Michiel Borstlap
Live Report


at Paradiso, Amsterdam
September 16, 2005



オランダのTOPピアニスト、ミケル・ボルストラップのライブを地元アムステルダムで見ることができた。
会場となったパラディッソはアムステルダムの中心部にある、普段はロックやクラブ系のライブが行われている教会のような作りの古い建物だ。中は1階が広いフロアになっていてオペラ劇場のように2階、3階の客席はフロアを取り囲むような形になっている。
開始時間は9時と遅めだったが、ライブが始まる頃には1階のフロアに置かれたテーブルと椅子の席は完全に埋まった上に後方にはかなりの立ち見客、2階の椅子席も完全に満席になって1000人近い観客が集まっていた。

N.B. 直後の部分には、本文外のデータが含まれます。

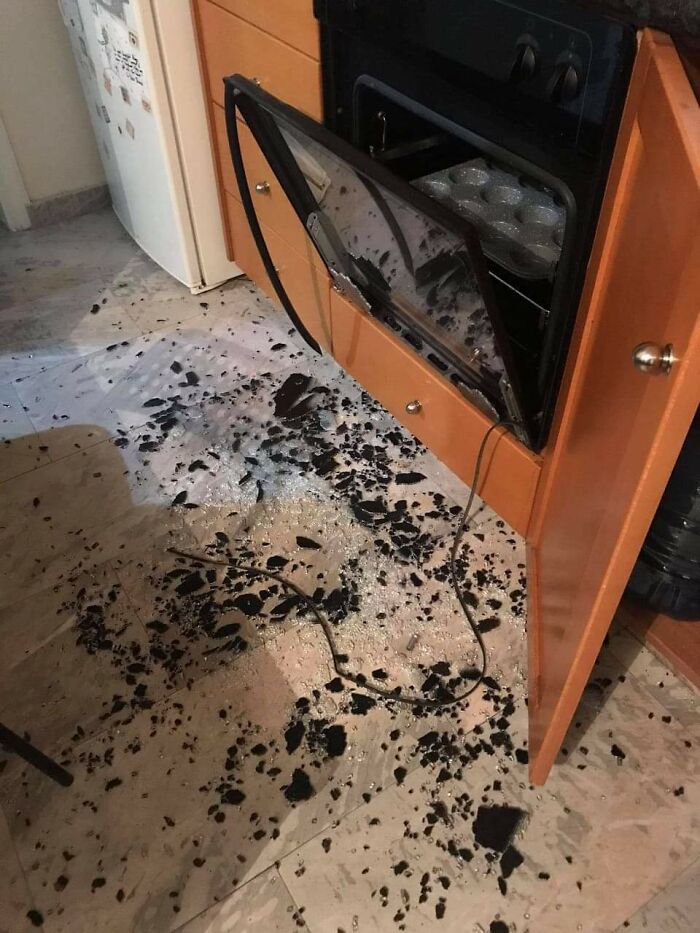 Oven door shattered with glass pieces scattered on the kitchen floor from poor decision-making.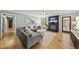Open-concept living room with fireplace, ceiling fan, wood floors, and neutral color palette at 821 Van Thomas Dr, Raleigh, NC 27615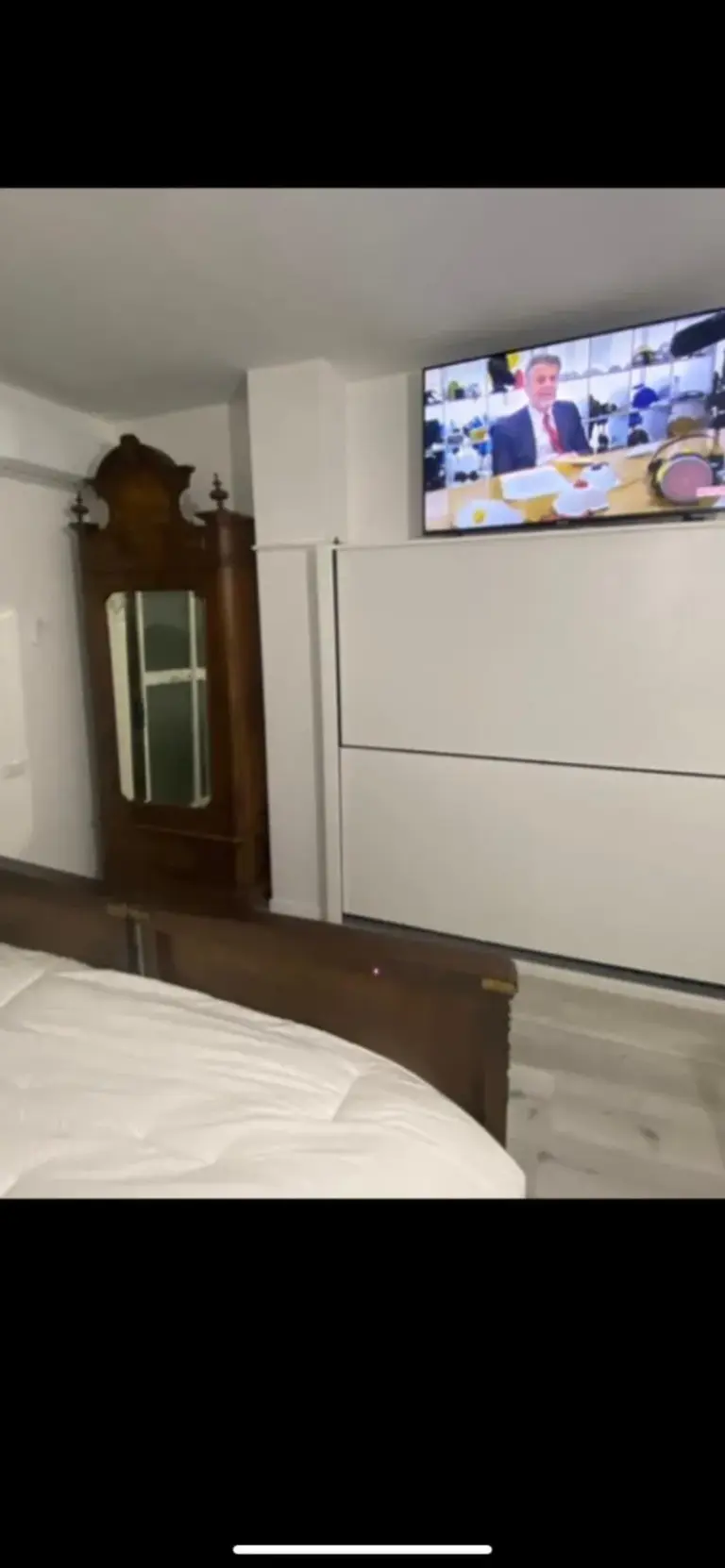 Pared con TV en el dormitorio de Appartamenti con Terrazzo Solare en Perugia, con armario y televisor montado en la pared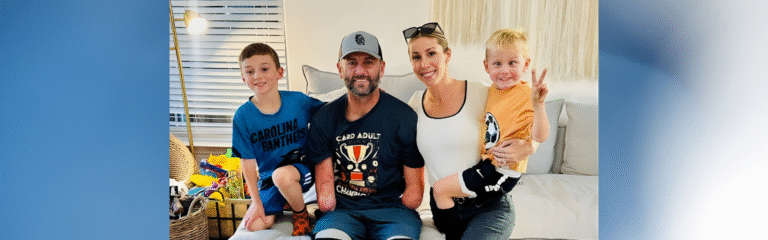 A family sitting on a couch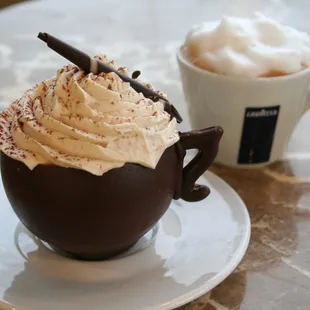 a cup of coffee with whipped cream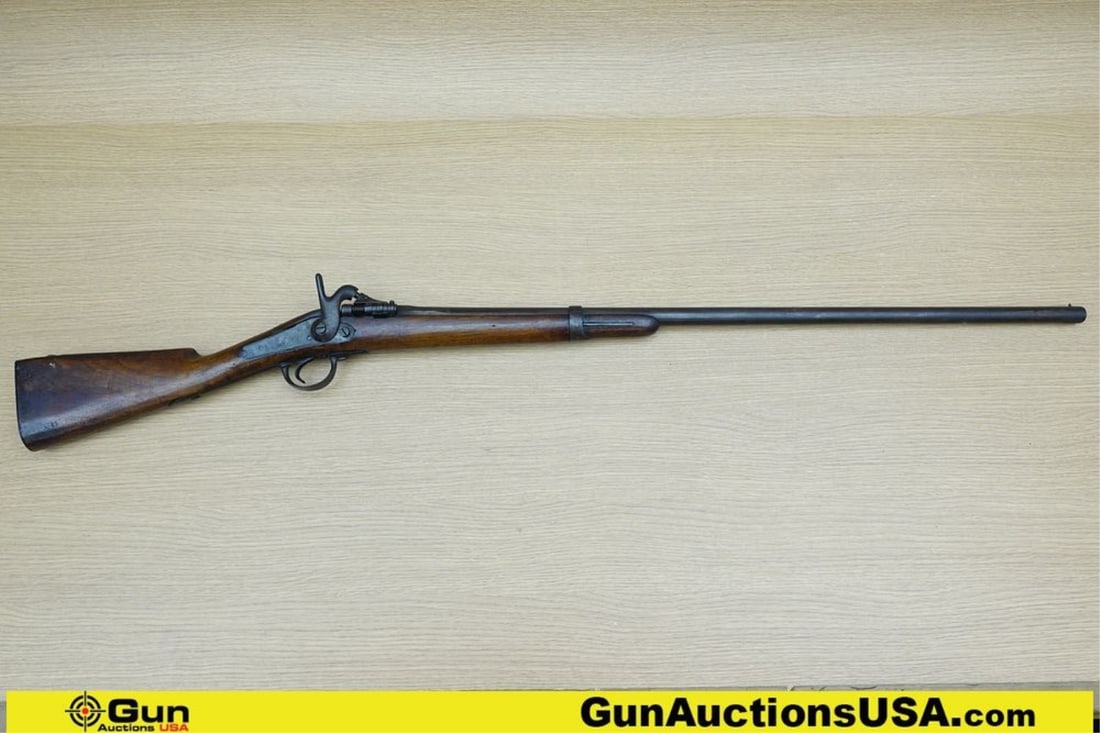 BRITISH SNIDER ZULU 12 ga. Shotgun. Fair Condition. 34" Barrel. Breech Load In Original Patina, with: BRITISH SNIDER ZULU 12 ga. Shotgun. Fair Condition. 34" Barrel. Breech Load In Original Patina, with Walnut Stock, Dog's Head Side Lock, Metal Butt Plate, Firing Pin is Smooth, with a Crisp Trigger. F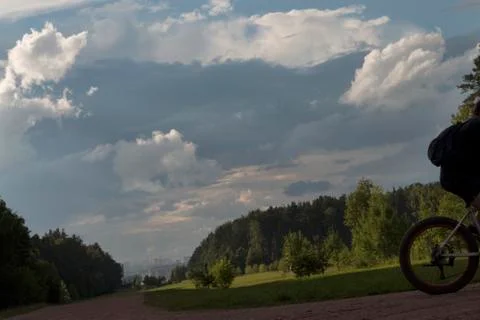 Silhouette of the cyclist with backpack Stock Photos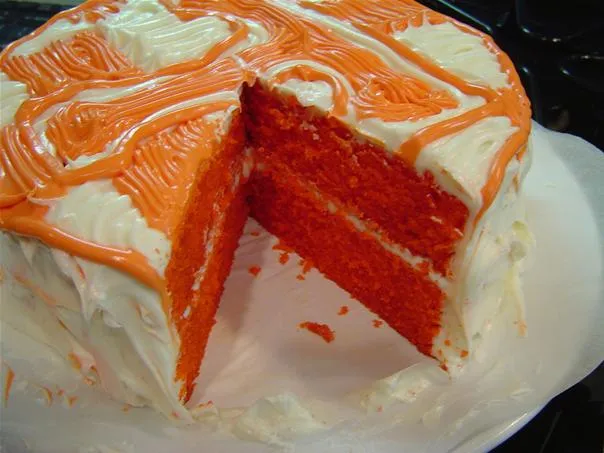 Red velvet cake with orange frosting and a slice removed.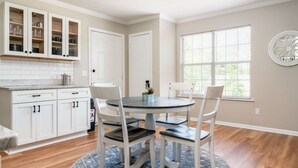Een keuken met witte kasten, een ronde tafel en stoelen. Er is een raam met zonwering en een decoratief wandobject.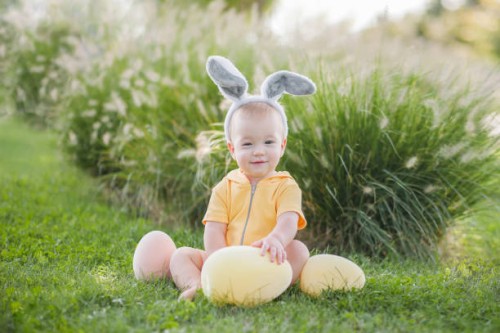 baby 10 months old with easter eggs and bunny ears. child is hunting for easter eggs in garden. - garden decoration stock pictures, royalty-free photos & images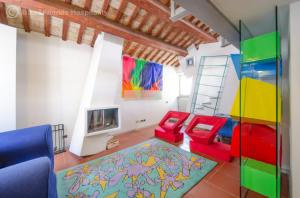 a living room with colorful furniture and a ladder at Casa Alceo in Pesaro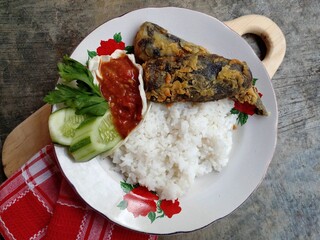Lele krispi or crispy catfish. The catfish is seasoned and then fried in a flour coating. Served with rice, chili sauce and fresh vegetables. Top view.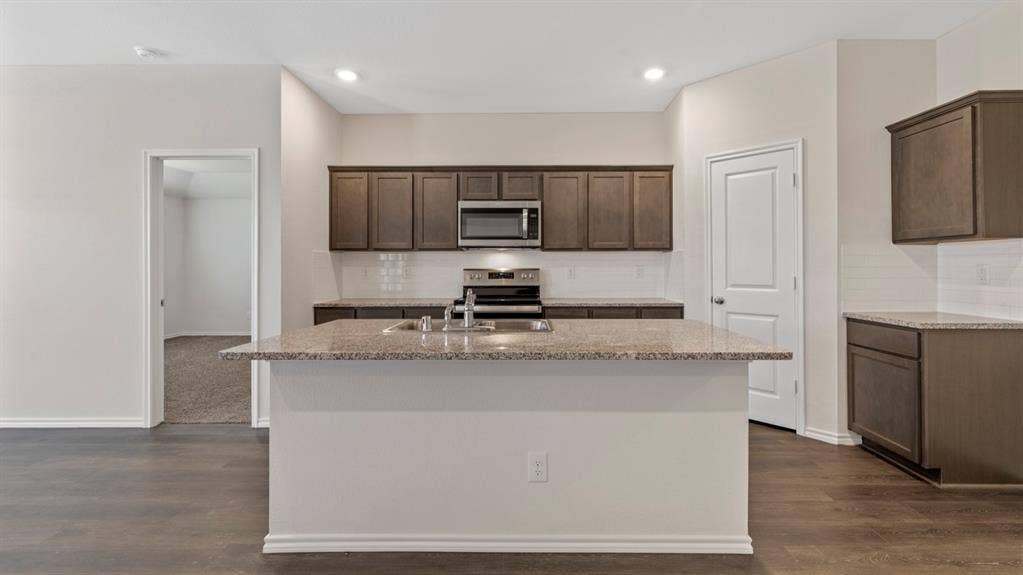 3037 Hidden Valley Drive, Lindale, TX 75771 Kitchen featuring an island with a sink, granite countertops, wood-finish flooring, and recessed lighting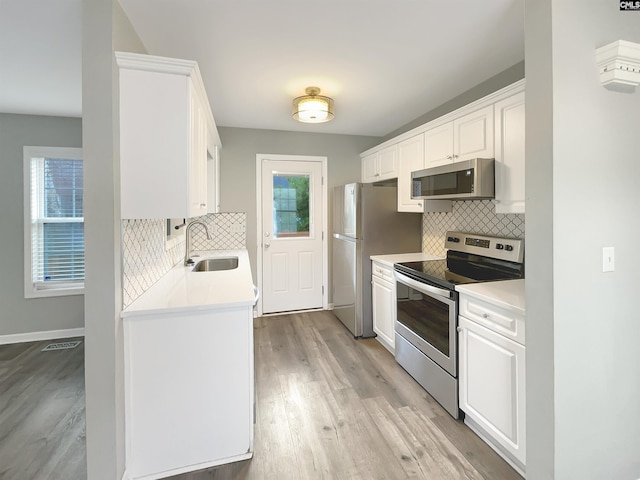 kitchen with white cabinetry, sink, stainless steel appliances, and light hardwood / wood-style floors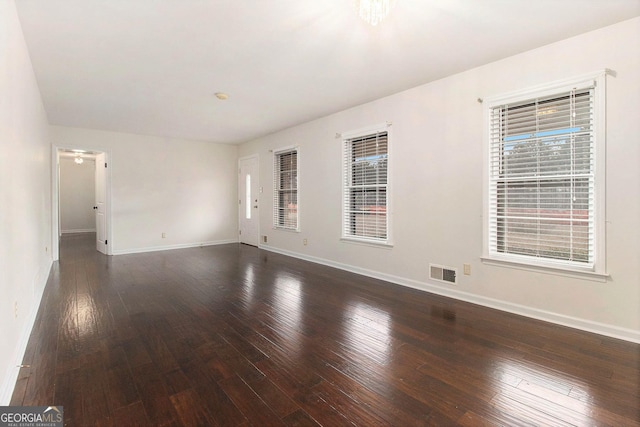 spare room with dark hardwood / wood-style floors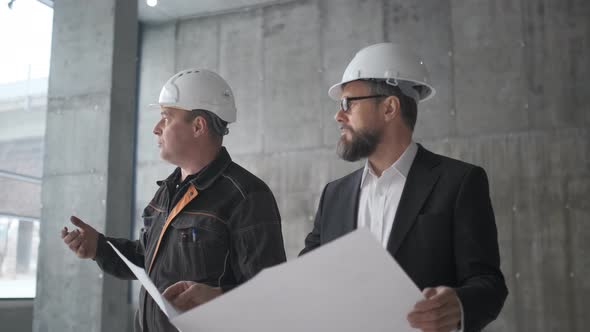 Two Man Engineers Have Conversation And Looking At Large Blueprint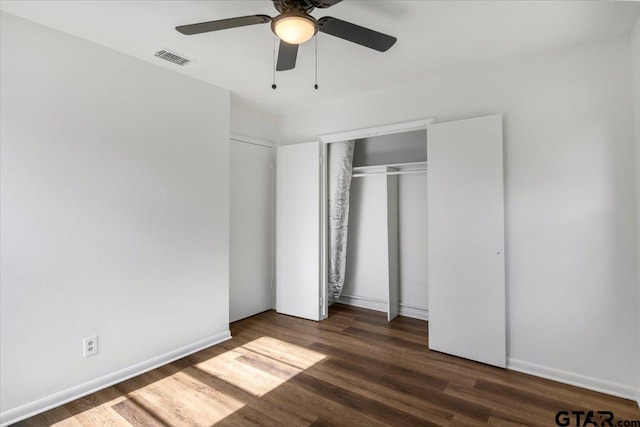 1612 Woodland Hills Dr, Tyler, TX 75701 - unfurnished bedroom with wood finished floors, a closet, and a ceiling fan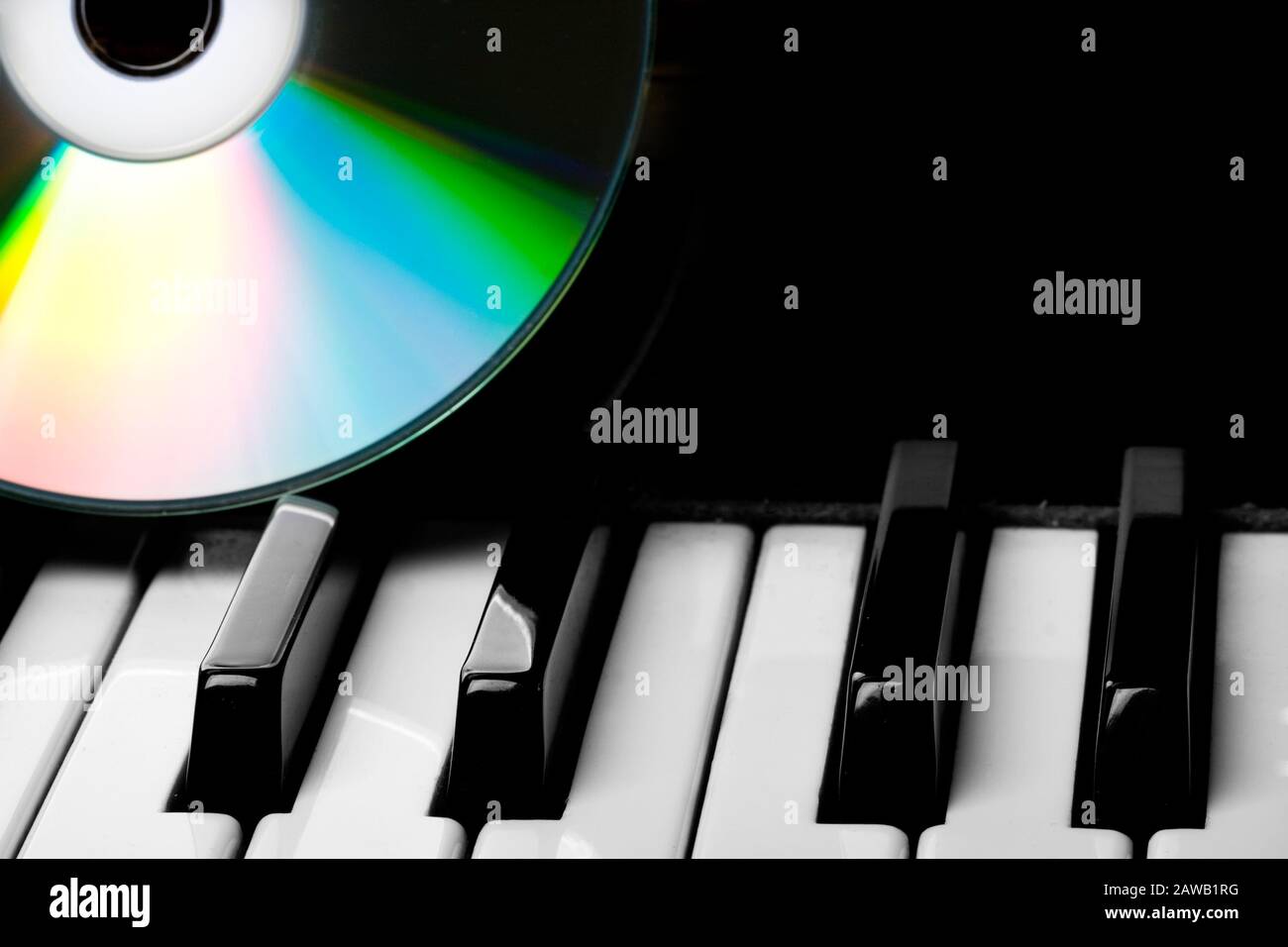 Image of the cd-drive, lying on the piano keys Stock Photo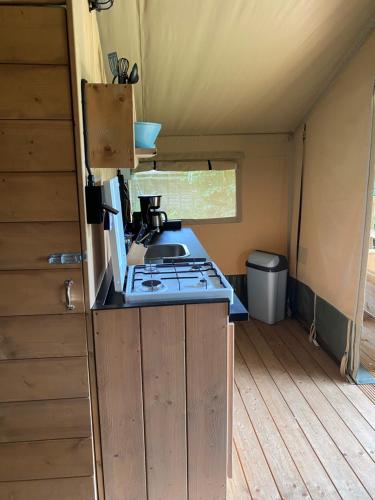 a kitchen with a stove and a sink in a tent at Luxe safaritent aan het water - Recreatiepark de Uilenburg - Sneek - Friesland in Hommerts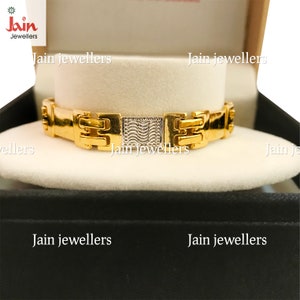 May include: A gold bracelet with a textured design. The bracelet is in a black box with the words "Jain Jewellers" printed on it.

バンドはアコースティック・ベースにドラムスというベーシックなトリオ編成でボーストラップのオリジナル曲が演奏されていく。MCが全てオランダ語だったので全然何を言っているかわからなかったのだが、新作「Coffee and Jazz」からの曲を中心に演奏していたようだ。
ボルストラップのピアノは軽快かつノリがよく、低音部の使い方はリチャード・ティーを連想させるようなところもあるのだが、ティーのようなR&Bやブルース臭さは全くと言っていいほどない。かといってヨーロッパ系のピアニストによくあるような暗く沈んだ雰囲気のピアノではなく、抜けた感じで高速フレーズを繰り出してくる。
またバラードでもほのぼのとした明るさを感じさせてくれる。
曲のアレンジはコンテンポラリーでいわゆる伝統的な4ビートのピアノ・トリオのサウンドとは一線を画している。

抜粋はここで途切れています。